As well as meting out heavy penalties against those caught abusing the auction system, the Reserve Bank of Zimbabwe (RBZ) has to date named and shamed a total of 39 errant beneficiaries of the auction system.

In terms of Statutory Instrument (SI) 127 of 2020, the central bank is now empowered to impose heavy penalties, including of up to $1 million on anyone caught violating foreign exchange rules and regulations.

After nearly two decades of economic challenges, Zimbabwe faces acute shortage of forex needed to rebuild its recovering economy, which calls for efficient utilisation of limited hard currency.

RBZ governor Dr John Mangudya said corrective and punitive action had been taken against entities for abusing auction funds, manipulating the exchange rate and violating foreign exchange control rules and regulations.

Dr Mangudya said a cumulative US$1,5 billion has been allotted to beneficiaries since the auction system was operationalised in June last year, helping to stabilise the exchange rate and inflation.

“Of the total of 39 entities, 27 have been fined to date and 12 have been issued with written warnings for aiding or abetting flouting of exchange control rules and regulations,” Dr Mangudya said.

The central bank chief said the punitive measures included prohibitions from participating in the foreign exchange auctions until the full payment of fines imposed or permanent blacklisting from the auction.

Former Monetary Policy Committee Member (MPC) Eddie Cross said the auction system was now the principal and preferred mechanism for distributing scarce foreign currency in the country.

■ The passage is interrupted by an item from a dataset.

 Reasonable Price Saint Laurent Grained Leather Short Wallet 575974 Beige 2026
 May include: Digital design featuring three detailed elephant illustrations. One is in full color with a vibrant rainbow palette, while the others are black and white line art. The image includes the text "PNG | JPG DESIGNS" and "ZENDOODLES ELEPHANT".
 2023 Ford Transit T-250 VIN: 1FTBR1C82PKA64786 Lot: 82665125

As such, he said the central bank was justified in meting out heavy punitive measures, in line with SI 127, against errant companies, which should reinforce the platform’s role in equitable distribution of forex in the country.

“Some companies have been abusing the system by fabricating documents. The Bank has been justified in taking heavy penalties against abusers.

“It is a good move, it reinforces the role of the auction as an allocating mechanism for forex,” he said.

So effective has the forex auction system been that annual inflation, which hit a post dollarisation high of 837 percent in July last year, has reduced to 106,6 percent as of June 2021.

Dr Mangudya is on record saying the bank projects the annual rate of inflation to drop further to below 55 percent this month, and to take a further plunge to under 25 percent by year end.

Inflation has taken an exponential decline on account of stable exchange rate ($85/US$1), stringent monetary targeting framework as well as fiscal consolidation and discipline by the Treasury.

Zimbabwe’s rate of inflation hit an all-time high of 500 billion percent in August 2009, according to the International Monetary Fund (IMF), which wiped out decades of savings for pensioners.

Dr Mangudya said 1 545 entities have benefited from the main auction system, getting US$1,406 billion, since its inception on June 23, 2020. A total of 2 443 small enterprises received US$138 under the SMEs auction.

He said 63 percent of the allotted funds through the auction system were given to importers for raw materials (US$639 million), machinery and equipment (US$281,2 million) and consumables (US$150 million).